*Problem to work on*: One range is to be output from the listing below, exactly as written: the line with "Búsqueda de niño" to the line with "Magnetic Gray Metallic", both kept.

*Data in this exercise*:

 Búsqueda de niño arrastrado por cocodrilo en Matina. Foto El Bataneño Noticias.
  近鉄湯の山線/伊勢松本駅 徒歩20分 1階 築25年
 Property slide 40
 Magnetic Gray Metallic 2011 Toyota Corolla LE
---
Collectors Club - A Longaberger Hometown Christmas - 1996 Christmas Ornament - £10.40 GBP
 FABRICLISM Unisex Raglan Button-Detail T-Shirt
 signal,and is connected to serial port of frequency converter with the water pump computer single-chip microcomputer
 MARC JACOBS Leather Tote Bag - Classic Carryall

*Exercise answer*:
 Búsqueda de niño arrastrado por cocodrilo en Matina. Foto El Bataneño Noticias.
  近鉄湯の山線/伊勢松本駅 徒歩20分 1階 築25年
 Property slide 40
 Magnetic Gray Metallic 2011 Toyota Corolla LE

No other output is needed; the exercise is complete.